Ca ne me rassure pas de savoir que mon vagin est potentiellement pénétrable par beaucoup. Ca ne me rassure pas de pouvoir baiser quand je veux. Ca ne me plait pas d’être sollicitée pour la taille de de mes seins ou de mon cul. Ca ne me rassure pas qu’on me propose de me rejoindre à 3h du mat pour finir une soirée. Ca ne me fait pas envie non plus, passé le rictus débile de la nana qui pose un trophée sur sa cheminée. Lui, je pourrai l’avoir. Si je voulais. Je pourrai me vanter d’avoir attiré entre mes cuisses ce très beau mec qui ne m’assumerait jamais dehors. Super. Quelle chance vraiment. Que de vide. Quel néant. Je suis cette meuf un peu triste qui sait que des milliers de bites ne la rempliront pas. Que faire bander c’est facile. Ca n’engage à rien. Sans prise de tête en 5 à 7. Je connais le refrain. J’ai pas envie de jouir. Pourtant je vais chercher de l’attention.

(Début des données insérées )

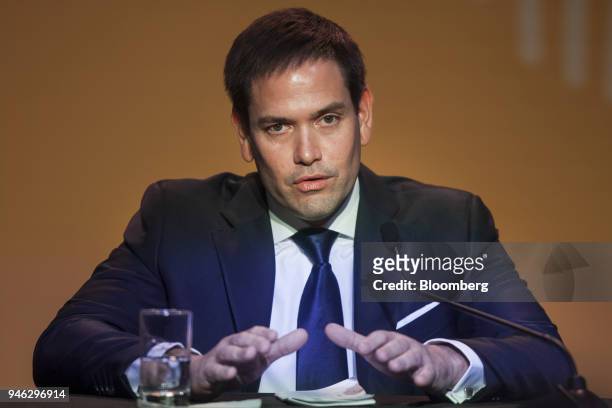 Senator Marco Rubio, a Republican from Florida, speaks during a press conference at the CEO Summit of the Americas in Lima, Peru, on Saturday, April...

Pourtant je me laisse draguer, des mots, copier-coller, les mêmes à moi ou à Patula87, discussion automatique, tu fais quoi, t’es d’ou, tu cherches quoi, t’aimes quoi, t’avales. Next. Après quoi on court. Je ne sais pas ce que ca fait de pénétrer une meuf triste un peu vide. Même avec beaucoup de plein autour. Est ce que c’est pareil ? Est ce que sa chatte se serre sur ta queue quand même ? Est ce qu’on se laisse baiser, étoile de mer, penser à autre chose, prier qu’il ne reste pas après, se laver. Pourquoi je cherche à me remplir de vide, pourquoi je n’accepte pas le temps du rien, pourquoi chercher encore à exister dans le regard ou dans les bourses d’un inutile, d’un mec dont je ne saurai rien ? Allumeuse, tu promets, mais tu n’écartes pas, tu dis que tu ne veux pas, mais tu te laisses compter fleurette, sale garce vide et moche, qu’est ce que tu cherches ? Je les méprise, ceux qui voudraient se masturber dans mes chairs. Tu crois te taper un quintal de salope chaude comme la braise, tu rentres dans rien, ta queue s’émiette.

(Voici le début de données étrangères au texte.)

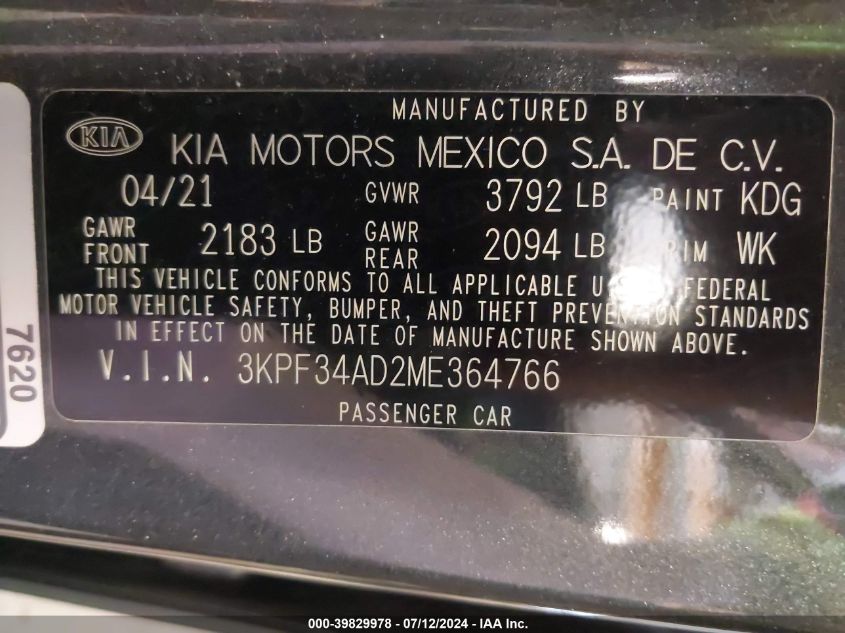 2021 KIA FORTE GT-LINE - 3KPF34AD2ME364766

Je vais arrêter de me laisser solliciter. Arrêter de faire danser le vide. Je ne suis pas là. Regarde. Je ne suis pas là. Pas là, pas à attraper, pas à soumettre, pas à enculer, pas à doigter, pas à pénétrer. Tu crois que c’est plus facile de baiser de la grosse ? Qu’on s’échappe moins vite ? Le truc c’est d’arrêter de vivre dans son corps. De s’en foutre. Alors attrape moi, enfonce ta bite. Elle ne sera jamais assez longue pour me ramoner le crâne. Size does matter. Désolée. Ca sera le 18eme lapin, ca sera le 67eme correspondant bloqué, ca sera la 4eme experience gonzo-sociologique de la valeur de mon cul sur le marché. Toujours les mêmes cycles, les mêmes sites, les mêmes pseudos stupides, s’inventer une vie pour éviter de se souvenir de la sienne, qui je suis aujourd’hui, qu’est ce que je voudrais être, tout ceci ne compte pas, tout ceci n’a aucune importance. Je n’existe pas et ceux à qui je parle n’existent pas non plus, ils pourraient être des robots, ils pourraient être personne. C’est moi que je cherche dans cet amas de merde. C’est moi que je veux attraper, au milieu de la mort du reste.  Je me tape de la théorie du sexfriend, du PQR, de la relation libre, des codes ou des rites qu’on voudrait m’apprendre, je n’ai pas envie d’être éduquée, je veux rester sotte. En union de prière avec moi même. En totale autarcie sexuelle. Peut-être qu’un jour je rencontrerai quelqu’un de plein, qui n’aura pas besoin de me remplir pour se sentir exister. En attendant, j’arrêter de chercher.